Questa pratica, molto silenziosa, ben pensante e diplomatica è stata sempre applicata anche dalle mie sorelle Adriana e Iva, educate, garbate, silenti.
Insomma a casa mia, la mia vecchia casa, si crepava piuttosto che far storie, storie con chiunque, per cose veniali o per cose importanti che fossero.
Anche nonna Giuditta la pensava così. Esprimeva un pensiero simile (anche se afferente altro) col dire, in dialetto, che LA PACE S'ACCATTA, la pace si compra, ovvero per aver pace ci si deve rifondere in termini materiali, ma anche col silenzio, rinunciando un po' a far valere le proprie ragioni.
Insomma una famiglia all'antica la mia, morigerata, di sani principi e piena di saper vivere.
Ma io spesso mi domando, va bene questo modo di fare?

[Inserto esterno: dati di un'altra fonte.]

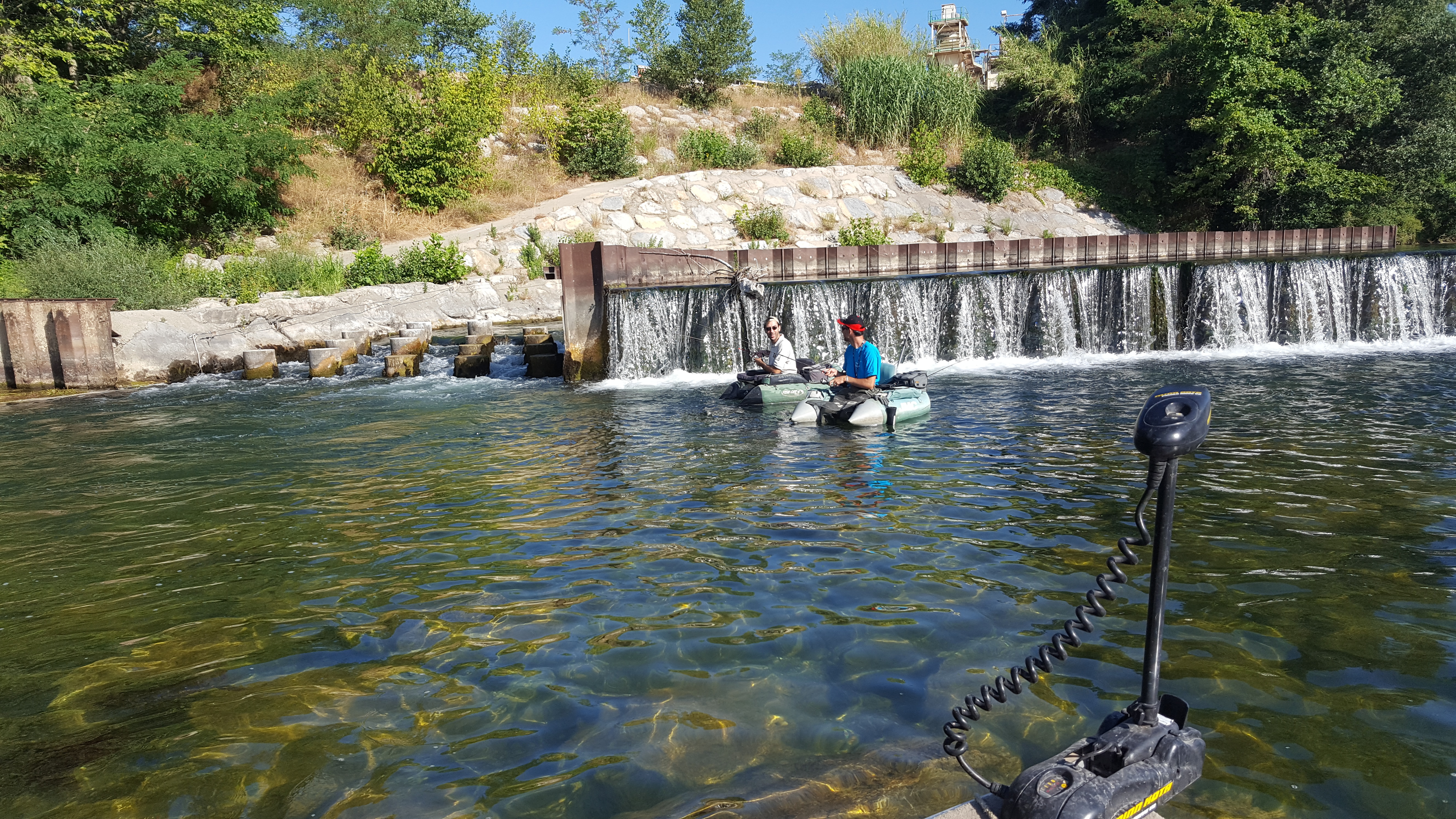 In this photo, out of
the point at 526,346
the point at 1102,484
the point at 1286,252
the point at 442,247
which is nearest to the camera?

Va bene per me? Devo sempre tacere di fronte a comportamenti altrui che non mi piacciono, mi nuocciono o mi fanno soffrire? Meglio chiarire e rischiare di rompere i rapporti o meglio sopportare in silenzio e tacere?
L'insegnamento ricevuto confligge col mio istinto, con l'esigenza di chiarezza del momento, spesso sono combattuta e comunque -se devo dire una cosa sgradevole- faccio fatica a trovare modo, tempo e parole. Non ho una comunicazione assertiva, mi faccio infinocchiare dall'interlocutore (strano, eh?) e poi, lo so, sono terribilmente prolissa, perché spiego, discetto, coloro, motivo, ... invece con certa gente ci vogliono le stilettate, due parole, ben assestate e stop.
Ma imparerò, ci sto lavorando e riguardo al dubbio in generale, silenzio o parola, alla fine, ho deciso: in medio stat virtus come sempre, bisogna esprimersi ma con garbo.
Il silenzio assoluto garantisce la continuazione dei rapporti senz'altro, ma un po' finti, e intossica chi ritiene di aver subito un torto ingiusto.